Le guide enogastronomiche sono quasi morte, ma non ci stanno a riposare in pace. Il modello punteggi-classifiche-recensioni-premi è stato messo in crisi dalla democraticizzazione spesso oscenamente populistica di Tripadvisor, dove anche il sordido vicino di casa che ascoltate di sera scongelare sofficini attraverso il muro in cartongesso può dire la sua sulla trattoria all'angolo, dando il suo misero e rancoroso contributo alle fortune e più spesso alle sfortune dell'insegna. Ma se per i ristoranti resiste l'allure vagamente perfido del chi-sale-chi-scende dei cuochi artificiali, quelli tutta Tv e poetica, per i vini è un vero casino: sono troppi, di troppe tipologie, di troppe regioni (questa maledetta penisola in cui ogni angolo ha i suoi vitigni autoctoni), di troppe fasce di prezzo e se confrontate al top cento delle principali guide non troverete che un pugno di etichette in comune.
E quindi? E quindi boh. Si va a tentoni a caccia di nuovi format e che Bacco, perbacco, gliela mandi buona. I primi a esplorare nuove strade sono stati Andrea Grignaffini e Antonio Paolini, nuovi curatori della guida Vini d'Italia 2017 dell'Espresso. I due hanno avuto ampio mandato a mischiare le carte e lo hanno fatto a metà, escogitando un volume che non dà voti, segue solo in parte la tradizionale road map geografica che parte dalla Val d'Aosta e finisce in Sardegna preferendo la suddivisione per denominazioni, cerca di non essere semplicemente le pagine gialle del vino, ma alla fine non sfugge alla consueta logica del listone, che è poi quello che lettori ed enoappassionati pretendono.
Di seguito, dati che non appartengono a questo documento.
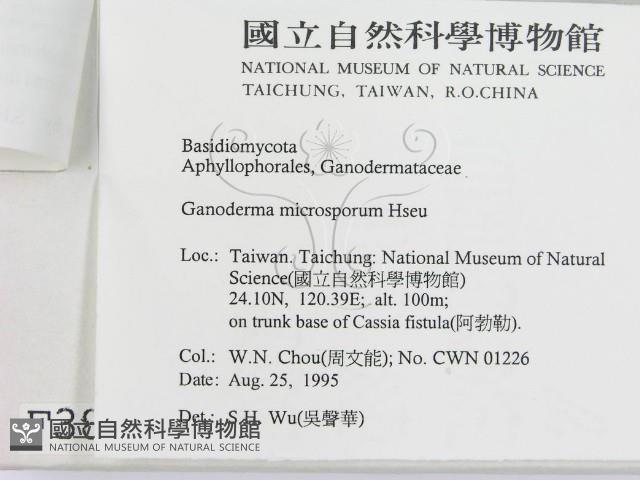 登錄號:F0003836藏品圖，第3張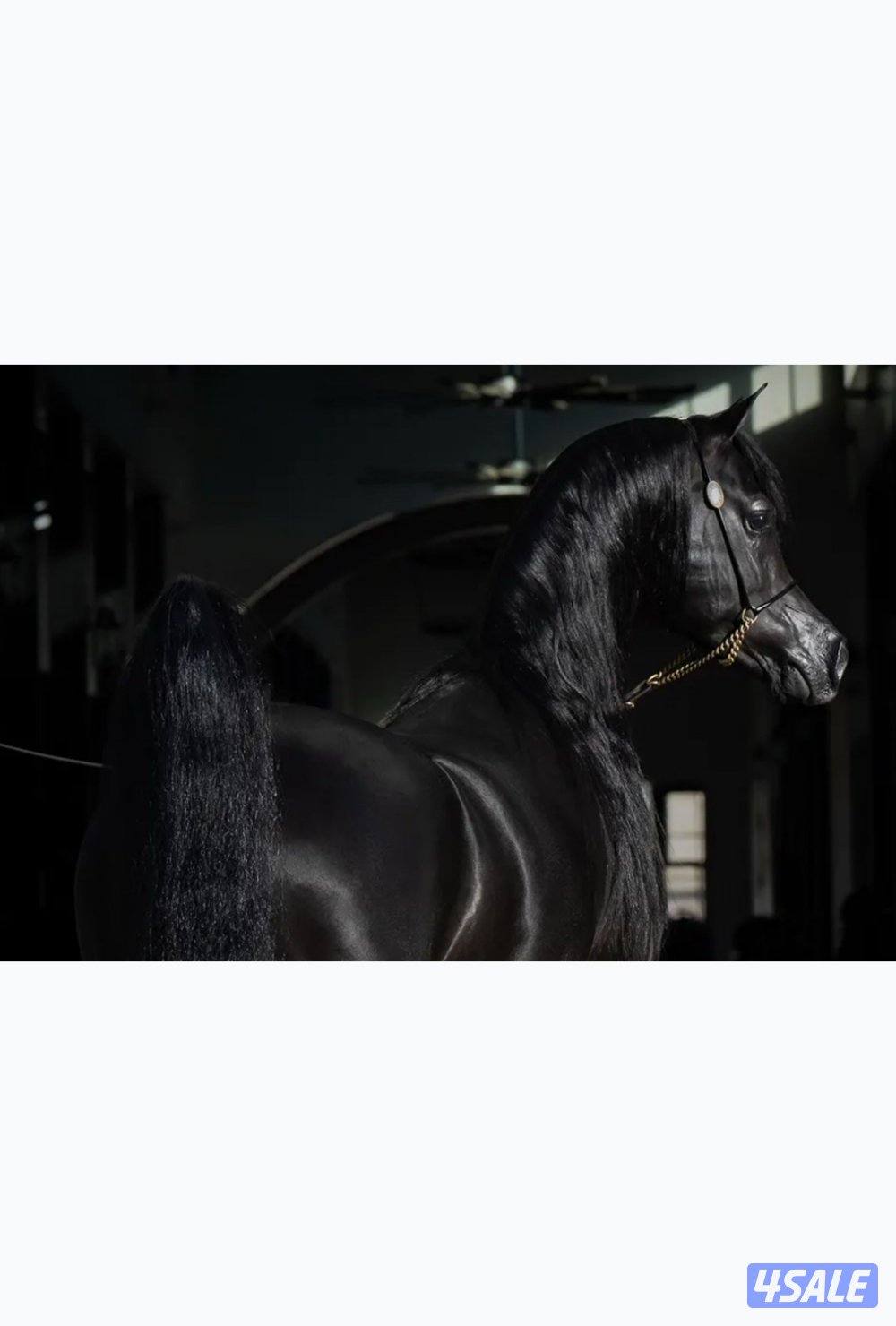 حصان أدهم فاخر ولد كوبرفيلد ينحدر من سلاله فاخرة من إنتاج مربط متخصص ف1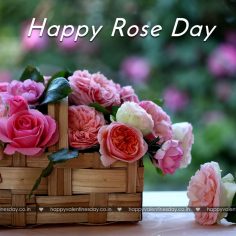 Rose Day
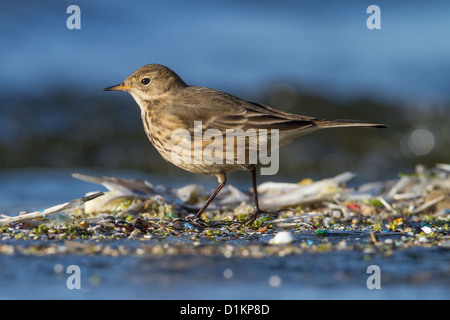 L'Américain polit-bellied Sprague (Anthus rubescens), Reine Mère, réservoir de Berkshire en Angleterre Banque D'Images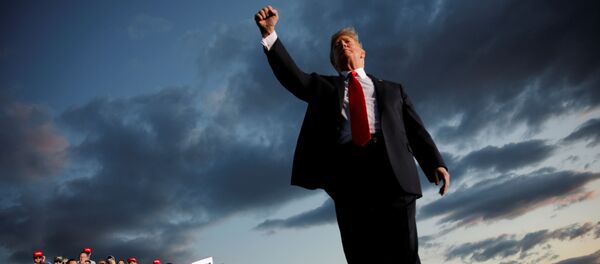 Donald Trump Montoursville, Pennsylvania mitinginde - Sputnik Türkiye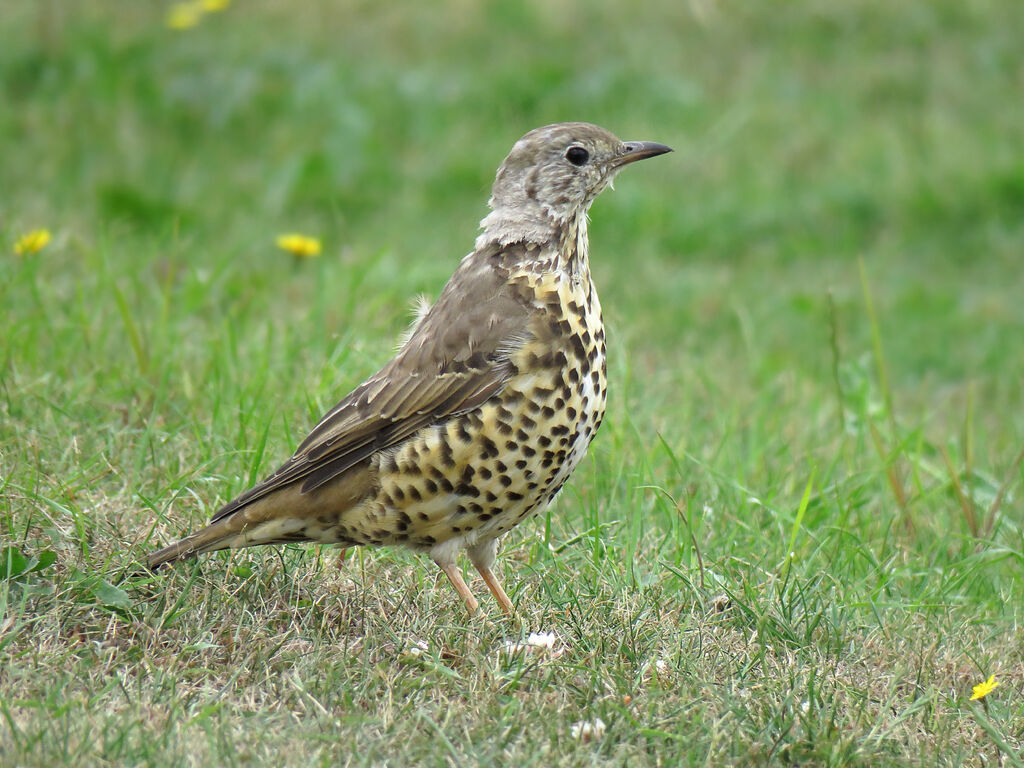 Mistle Thrush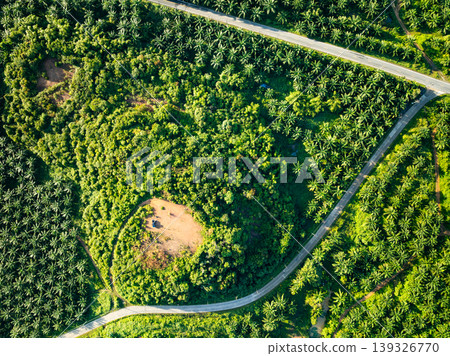 Top view forest green nature background Top view forest green nature background 139326770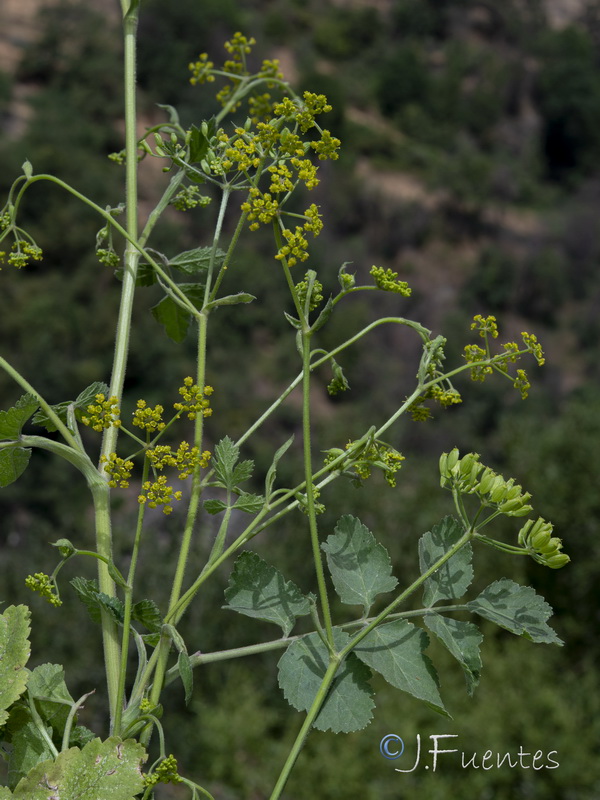 Pastinaca sativa sativa.08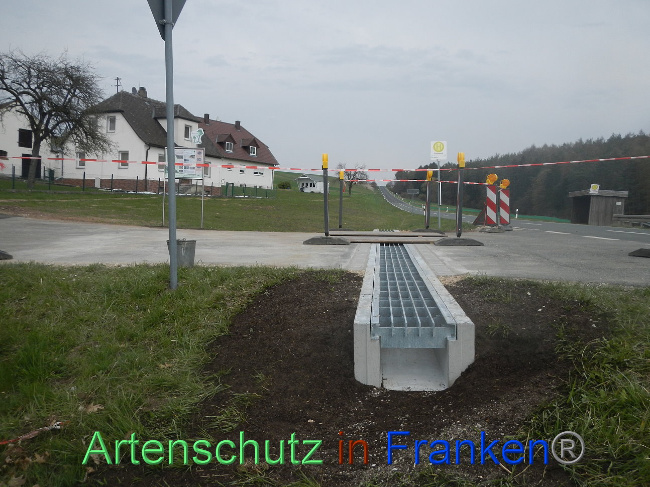 Bild zum Eintrag (1005364-160)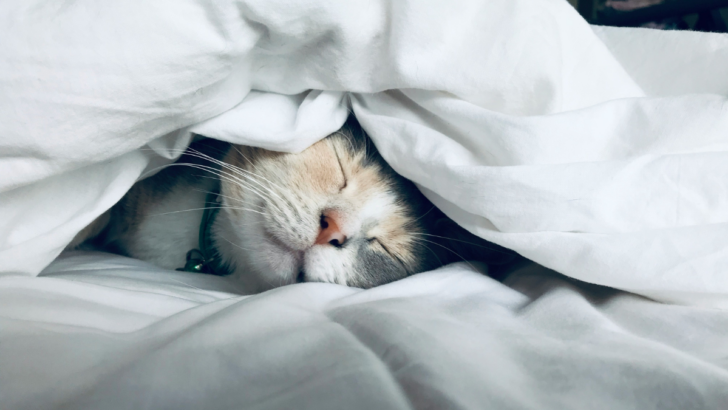 9 Powerful Solutions to Create a Safe and Calming Haven for Your Anxious Cat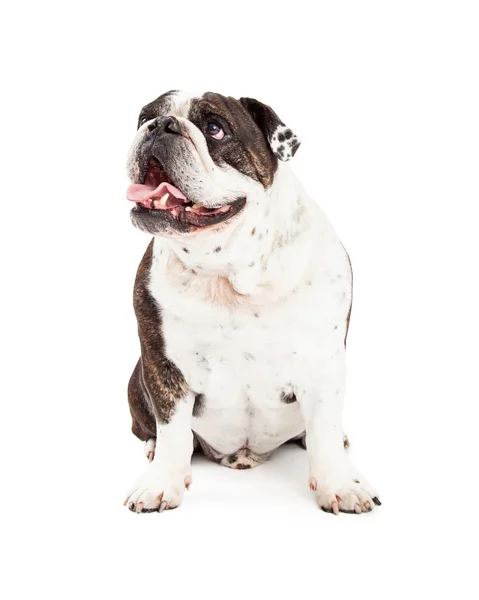 Meraklı Bulldog oturma ve ararken — Stok fotoğraf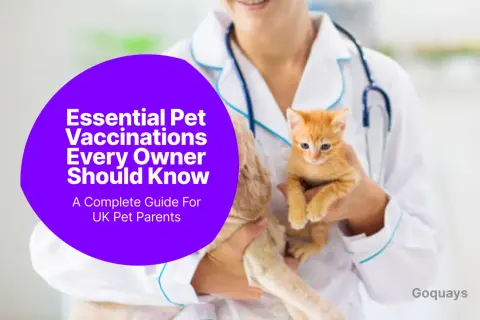 A veterinarian holds a kitten, discussing essential veterinary vaccines for pet parents.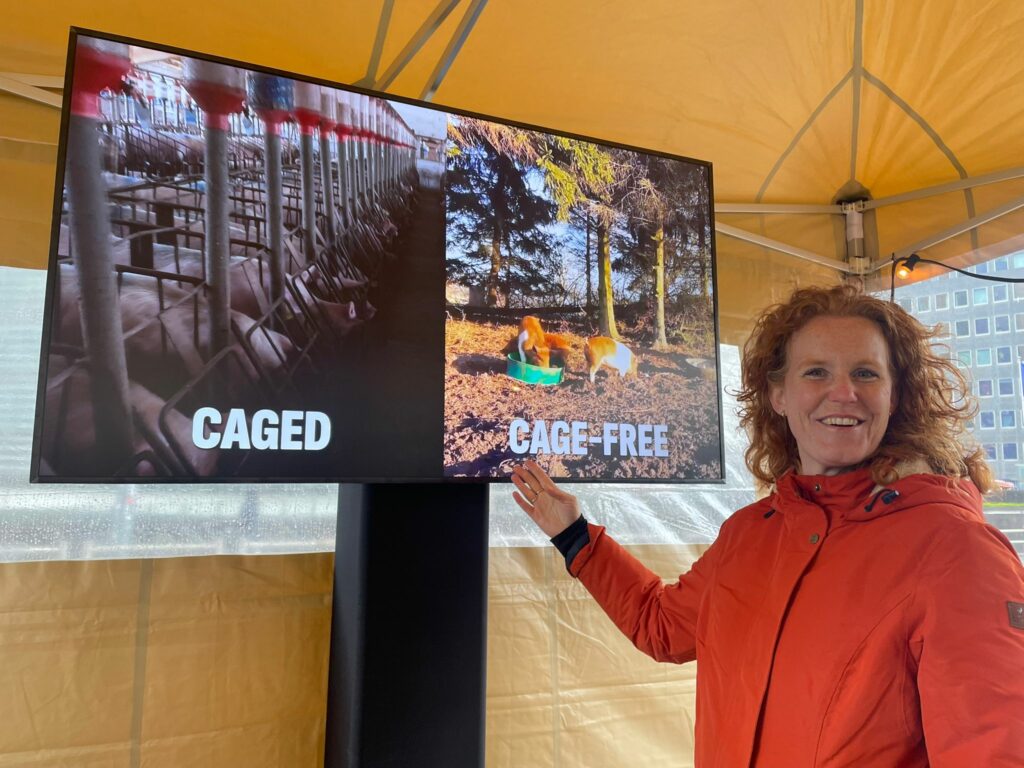 End of Cage Age: Will the EU ban caged animal farming by end 2026?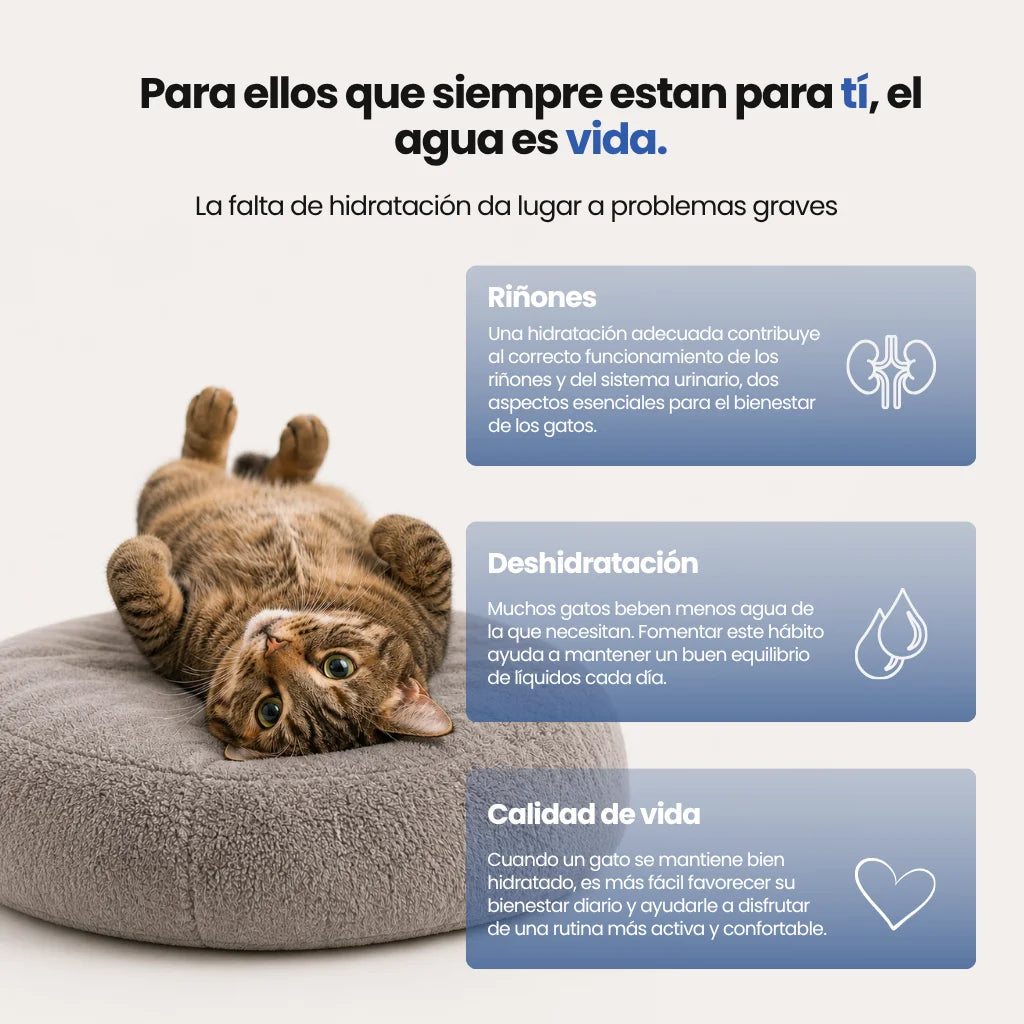 CatVitalis 2.0 - Fuente inalámbrica de acero para gatos
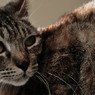 マカオの猫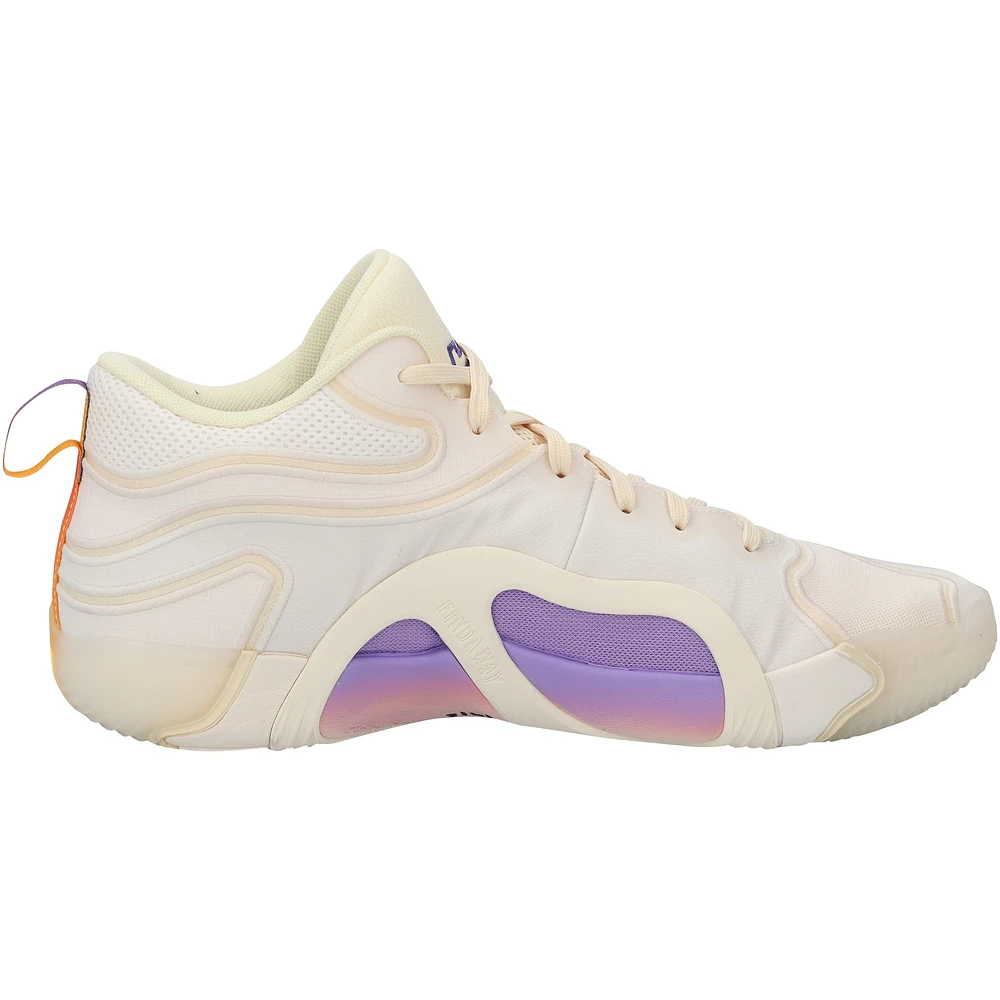 Jayson Tatum Boston Celtics Game-Used Tan Jordan Brand Shoes vs. Philadelphia 76ers on February 20, 2025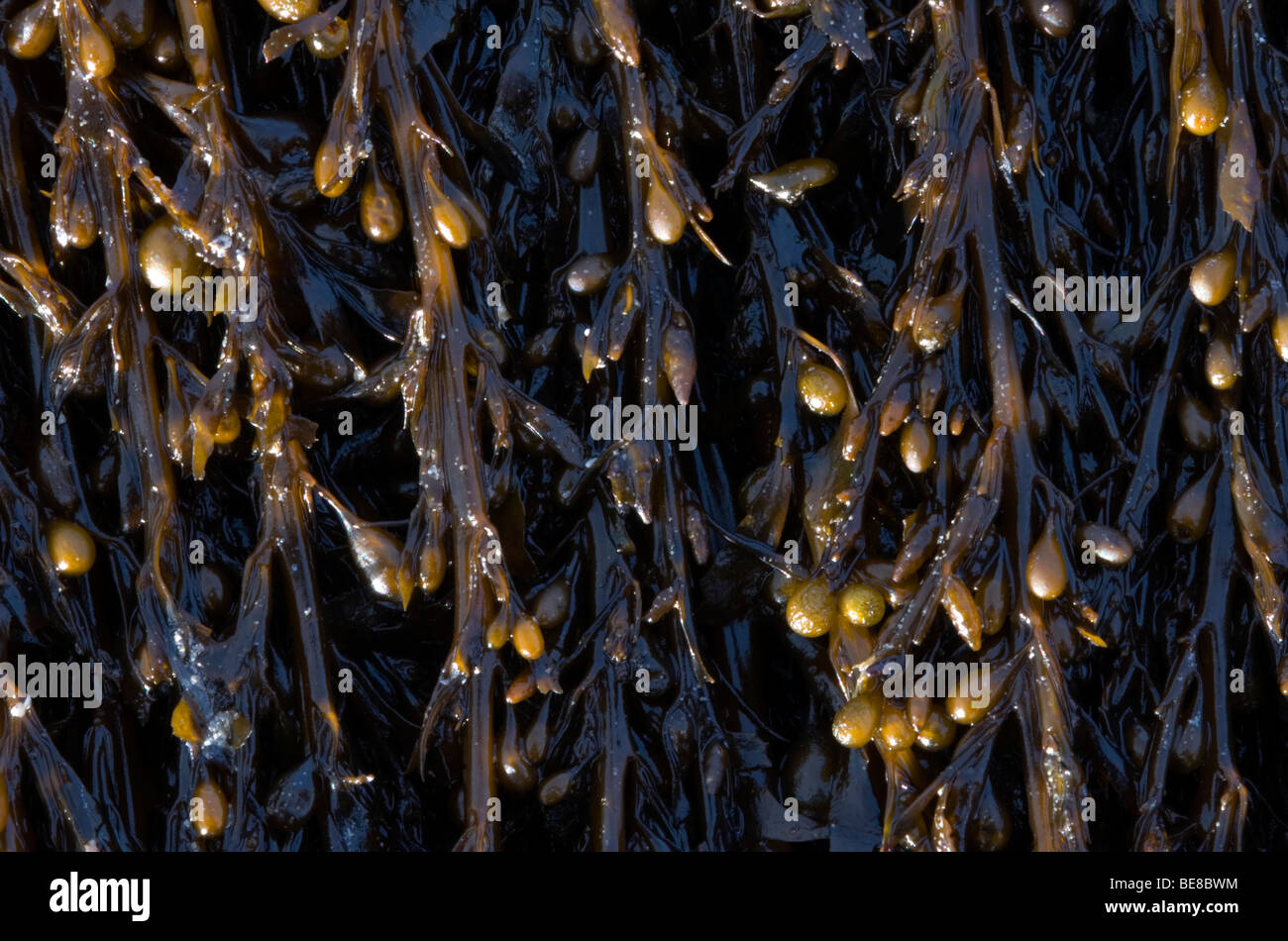 Japans bessenwier; Sargassum muticum; japweed Foto de stock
Una presa di coraggio, il catalogo è questo, che orienti il consumatore nei suoi acquisti e nelle sue ordinazioni secondo il criterio ancora infallibile (non se n'è ancora trovato uno migliore) del: i gusti sono gusti, ma tu che te ne intendi dicci che cosa è meglio per te.
Ne sono nate tre classifiche all around, che non fanno distinzioni tra tipologie e regioni, ma tra filosofie di fruizione. Cento vini migliori tra quelli da bere subito, quindi tra i meno ambiziosi e costosi. Cento vini migliori da conservare e quindi più nobili e collezionabili (e cari, ça va sans dire). Cento vini migliori da comprare, e quindi secondo il classico contemporaneo criterio del rapporto qualità-prezzo. Ne escono fuori le liste che pubblichiamo a fianco in versione forzatamente sintetica, per ragioni di spazio. Tra i 100 vini pronti vince un Barbaresco, il Crichët Pajé 2007 de I Paglieri, davanti al Greco di Tufo Pietra Rosa 2013 di Di Prisco e al Franciacorta Extra Brut Vittorio Moretti Riserva Meraviglioso di Bellavista, sorta di supercru delle creazioni dell'enologo Mattia Vezzola. Nella top ten un altro Franciacorta (il Brut Satèn Vintage Collection 2011 di Ça' del Bosco), quattro bianchi (due altoatesini, un piemontese e un goriziano), il mitico rosso Trentino San Leonardo 2011 al sesto posto e il Marsala Vintage Riserva Superiore Ambra Dolce 1980 delle Cantine Intorcia. Tra i vini da mettere in cantina vince il Taurasi Poliphemo 2012 di Luigi Tecce, davanti al Barolo Monprivato 2011di Giuseppe Mascarello e al Barbaresco Pajé Vecchie Viti 2011 de I Paglieri. Nel resto della top ten ancora tanto Piemonte (tre Barolo e un Barbaresco) due Brunello di Montalcino Riserva 2010 (Corte dei Venti e il mitico Biondi Santi) e l'Amarone 2007 di Quintarelli.
Tra i vini convenienti primo il Brunello di Montalcino 2011 Ridolfi, secondo il Verdicchio di Matelica 2015 Collestefano, terzo il grandioso Trebbiano d'Abruzzo Gianni Masciarelli 2015. Gli altri sette posti della top ten comprendono cinque piemontesi (due Barolo, due Barbaresco e un Barbera d'Alba), un Brunello di Montalcino e un Franciacorta. Cin cin Italia, alla faccia della crisi.